The Convention, therefore, resolved to guard the war-making power against those great abuses, of which in the hands of a monarch it was so susceptible. And the security, against those abuses which its wisdom devised, was to vest the war-making power in the Congress of the United States, being the immediate representatives of the people and the States. Congress, then, in our system of government, is the sole depository of that tremendous power.—The Constitution provides that Congress shall have power to declare war.
Whenever called upon to determine upon the solemn question of peace or war, Congress must consider and deliberate and decide upon the motives, objects and causes of the war. And, if a war be commenced without any previous declaration of its objects, as in the case of the existing war with Mexico, Congress must necessarily possess the authority, at any time, to declare for what purposes it shall be further prosecuted.

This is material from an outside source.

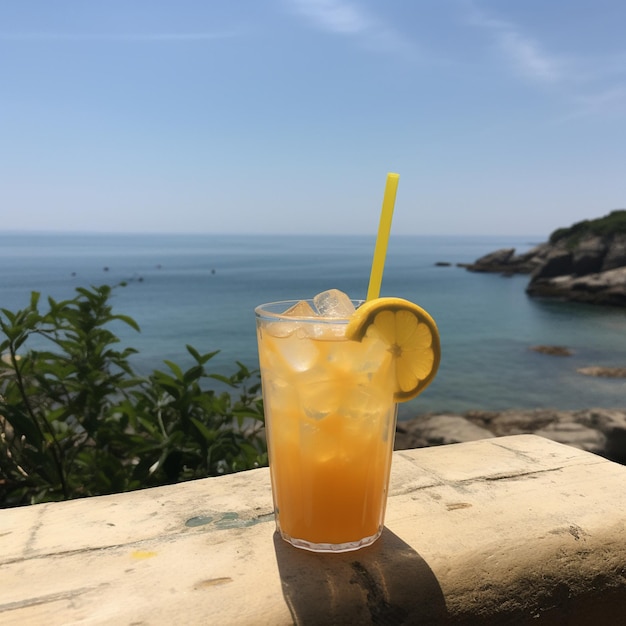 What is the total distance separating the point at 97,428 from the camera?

If we suppose Congress does not possess the controlling authority attributed to it; if it be contended that a war having been once commenced, the President of the United States may direct it to the accomplishment of any objects he pleases, without consulting and without any regard to the will of Congress, the Convention will have utterly failed in guarding the nation against the abuses and ambition of a single individual.
Either Congress, or the President, must have the right of determining upon the objects for which a war shall be prosecuted. There is no other alternative. If the President possess it and may prosecute it for objects against the will of Congress, where is the difference between our free government and that of any other nation which may be governed by an absolute Czar, Emperor, or King?